We also remember Mayor Luttrell for challenging conventional wisdom as he did when he called for a more comprehensive agenda for reducing crime.  In a November, 2009, City Journal article in Memphis magazine, I wrote:

“It’s a familiar day for Shelby County Sheriff Mark Luttrell. In the early morning hours of a sunny weekday, the county’s leading Republican is the only Caucasian in a church meeting with an African-American congregation.  Across racial and political divides, which so regularly choke off real discussion here, everyone is in complete agreement.

“The sheriff speaks with passion, calling for crime-fighting in Memphis to be more than the familiar ‘lock them up’ strategies that parade 60,000 people through Shelby County Jail each year. He’s talking about the ‘other two legs of the stool’ for fighting crime — prevention and intervention — and calls the ‘third leg of the stool,’ suppression, the easiest to do.  Many in the audience appear surprised to hear someone from the Republican side of the political scene delivering a message that often gets short shrift even from Democrats.”

Perhaps, in the past seven and half years, Mayor Luttrell has made it too easy for us to overlook and underappreciate the steadying hand he brought to county government during an earth-shaking recession that torpedoed the budgets of local government and the calming influence he played on numerous issues. 

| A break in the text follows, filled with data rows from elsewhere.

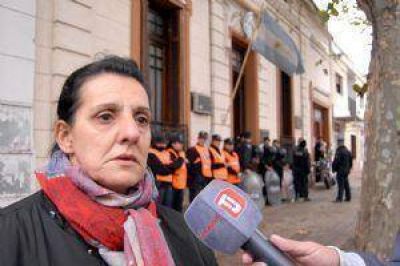 Se encadenaron a un juzgado para pedir seguridad para un acusado de narcotr�fico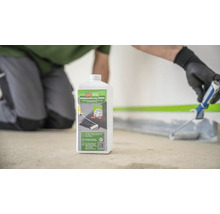 Haftgrundierung Innen von Lugato Protekt bei der Anwendung mit Farbroller.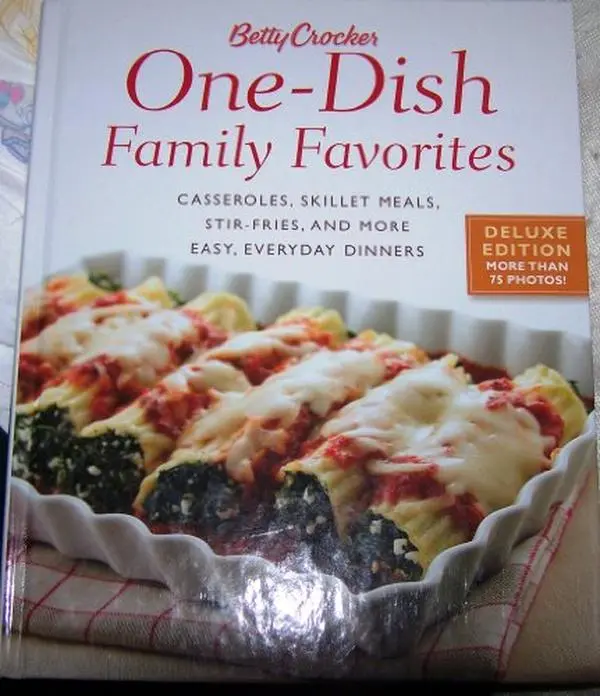 USED Book - Betty Crocker One-Dish Family Favorites: Casseroles, Skillet Meals, Stir-Fries, and More Easy, Everyday Dinners by Betty Crocker (Hardcover) - english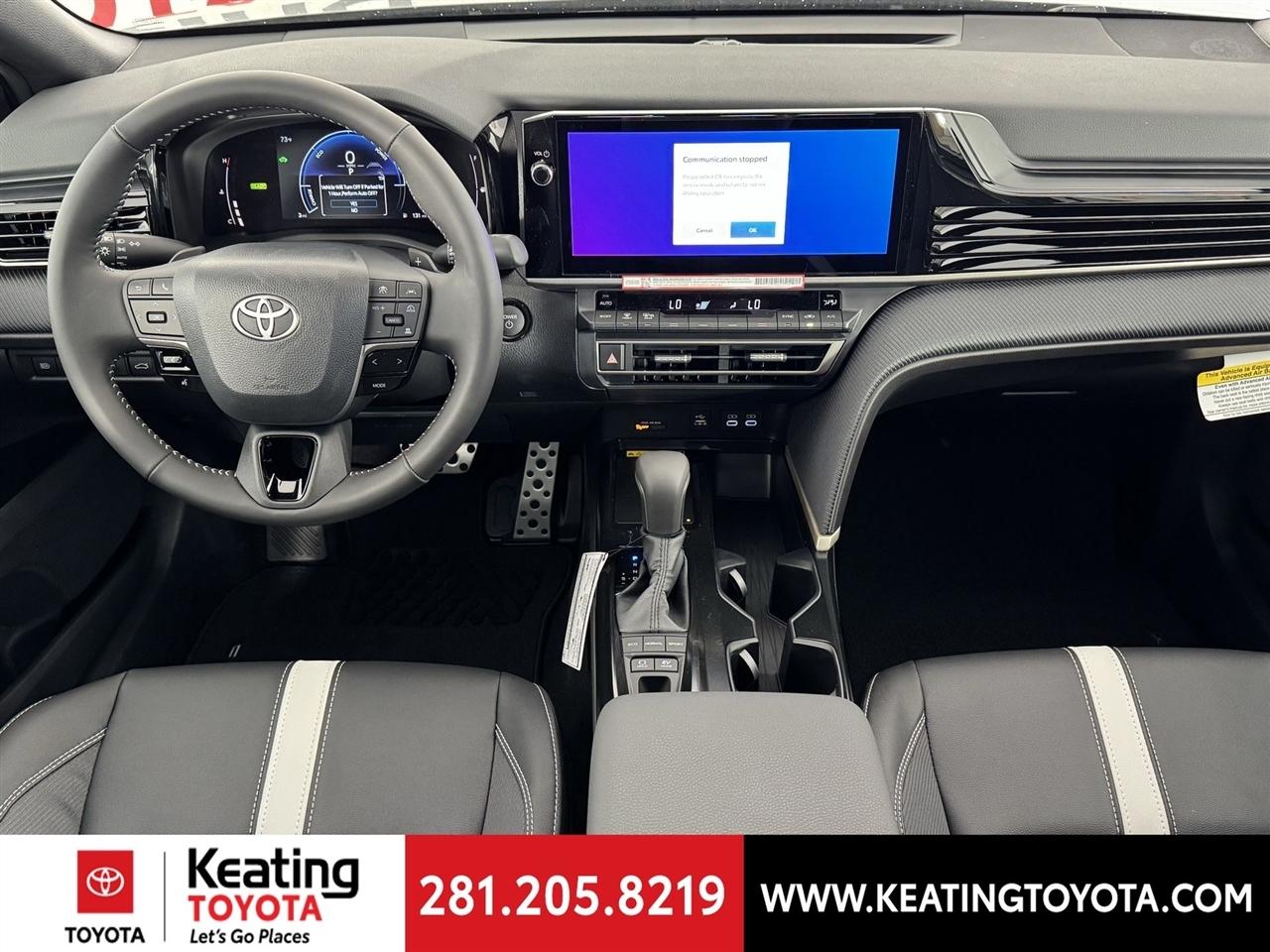 Toyota Camry Hybrid XLE 2026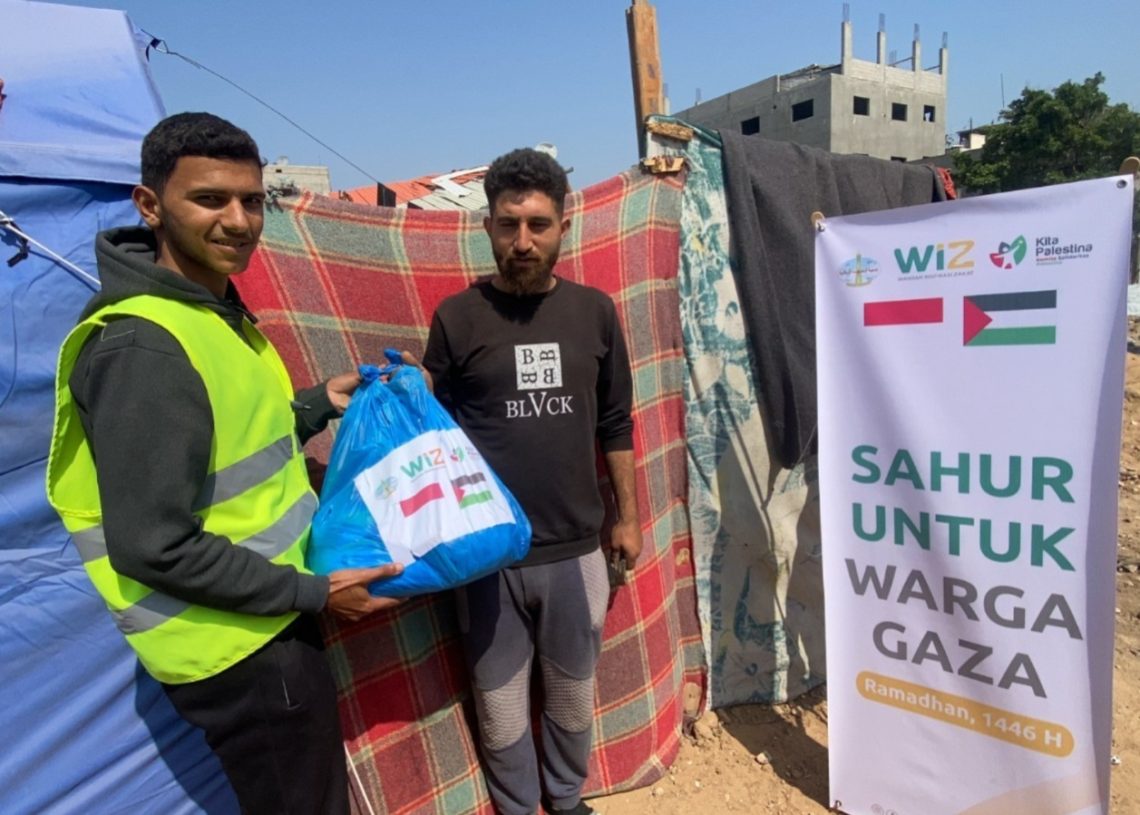 Pekan Terakhir Ramadan, KITA Palestina dan WIZ Distribusikan 750 Paket Iftar ke Jalur Gaza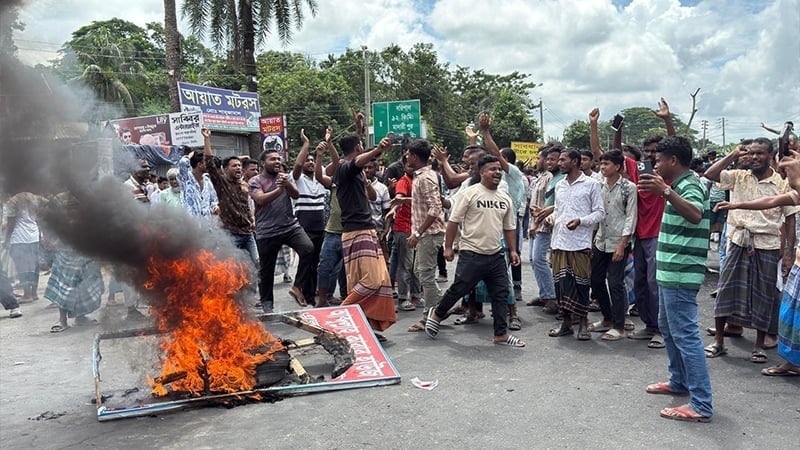ফরিদপুরে ভাঙ্গা থানায় হামলা-ভাঙচুর: সাবেক এমপি নিক্সন চৌধুরী প্রধান আসামি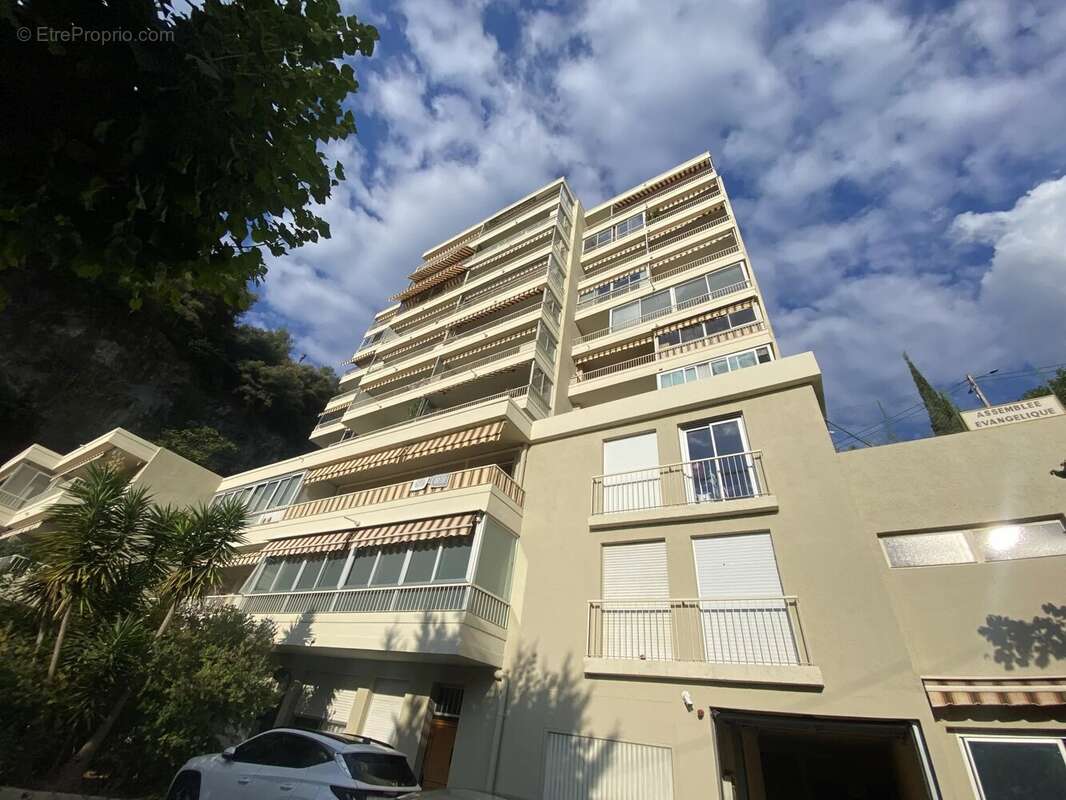 Parking à BEAUSOLEIL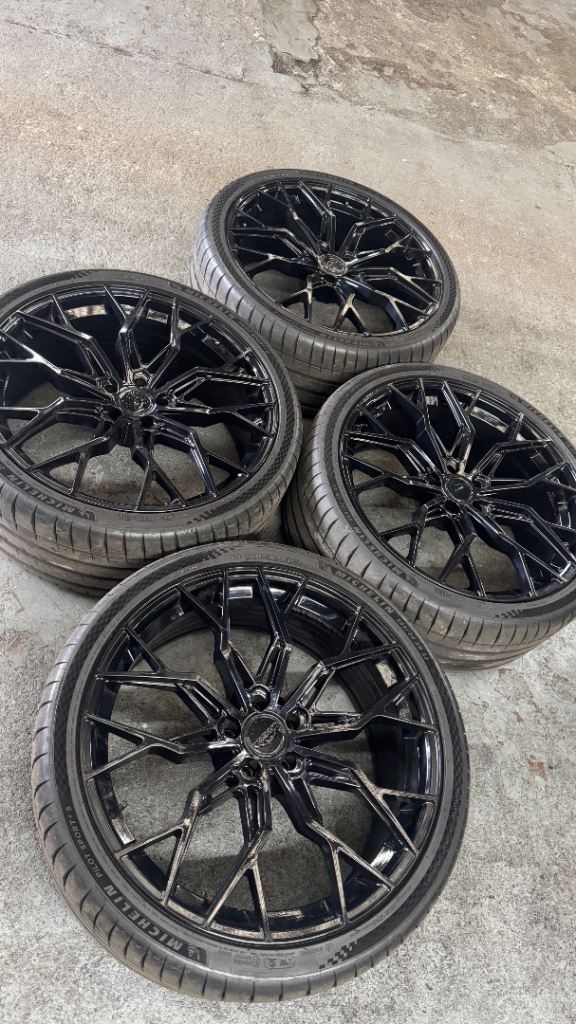 22” Judd JSF1 alloy wheels 5x112 + 285/30/22 Michelin PS4S tyres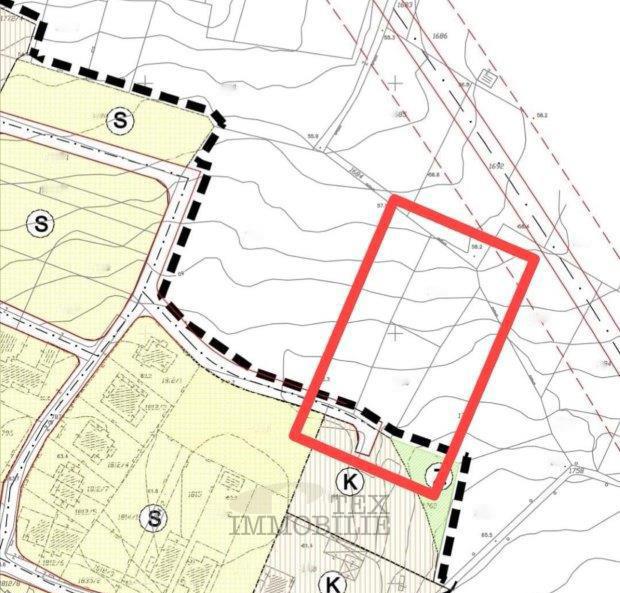 Terreno agricolo 1701 m² vicino alla zona edificabile a Parenzo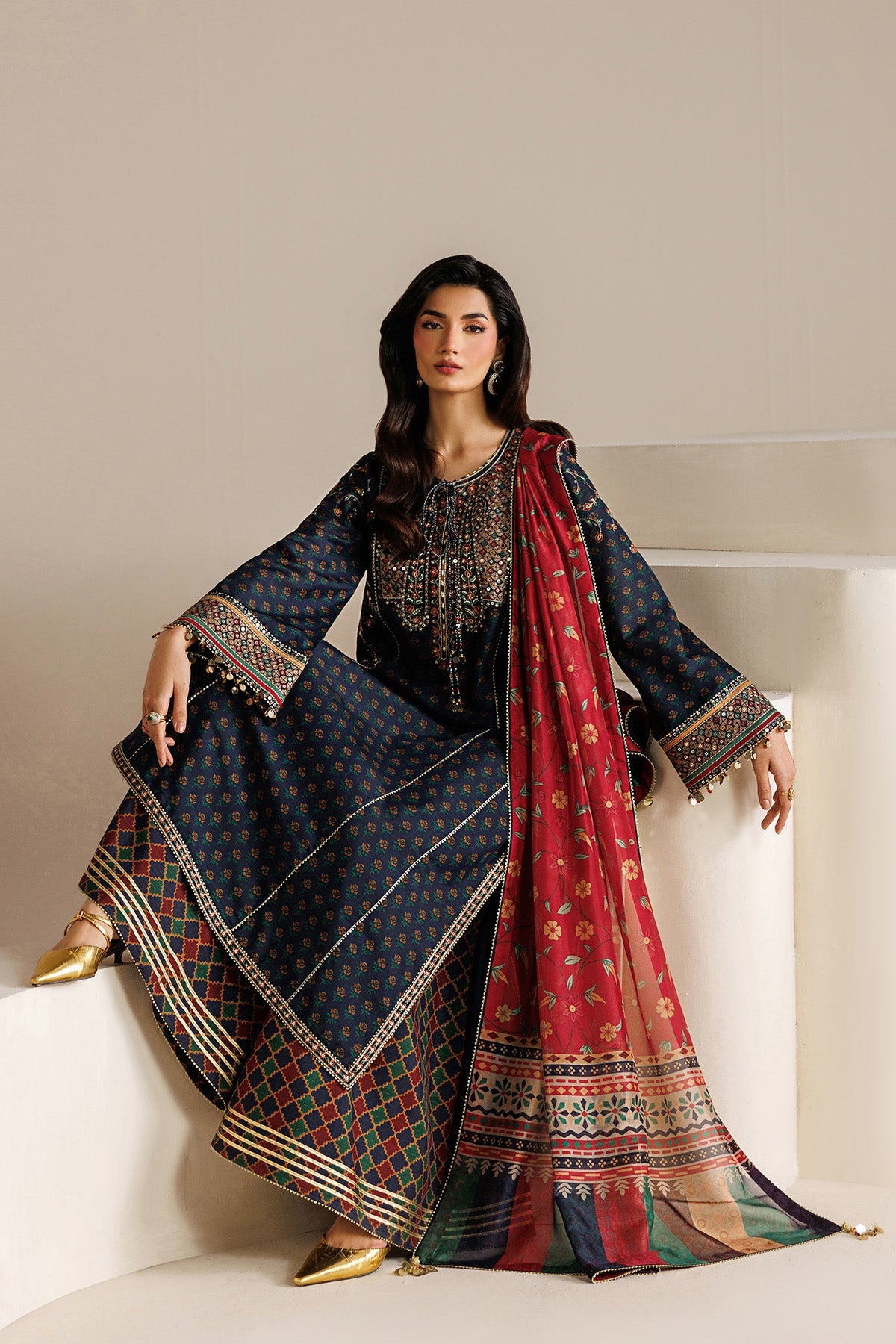 Embroidered Raw Silk Ur-7075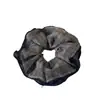 Scrunchie de moda estilo coreano de cuatro capas con estampado de cuadros blanco y negro, perfecto para crear una coleta baja chic, un accesorio para el cabello dulce y femenino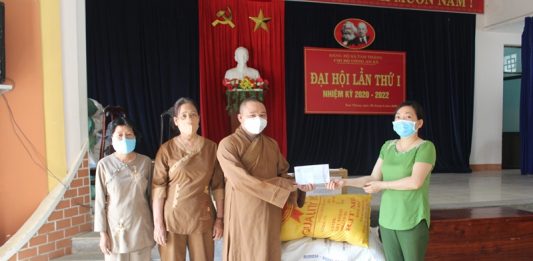 Tam Kỳ: Chùa Linh Bửu ủng hộ quỹ chống dịch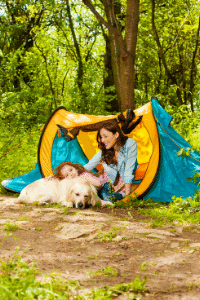 famille en camping avec un chien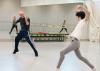Ernst Meisner repeteert in de studio van Het Nationale Ballet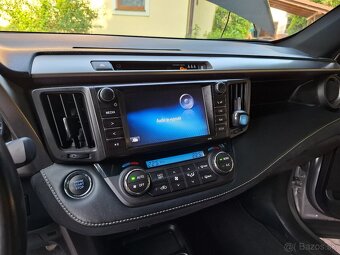 Toyota RAV4,  2.0 benzin, 4x4 AWD. 7st automat - 17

His special concern lies with 575 people in Shelby County Jail — the 500 with mental-health issues and the 75 who are juveniles.  The size of both groups is growing because as usual, the buck stops with local government. As state government slashes budgets, reducing space in juvenile facilities and reducing beds in mental institutions, the cost falls to taxpayers in Shelby County because more people end up in jail. “It just isn’t right to have the mentally ill in jail,” he said. “If the state was upholding its end of the bargain, we wouldn’t have this problem.”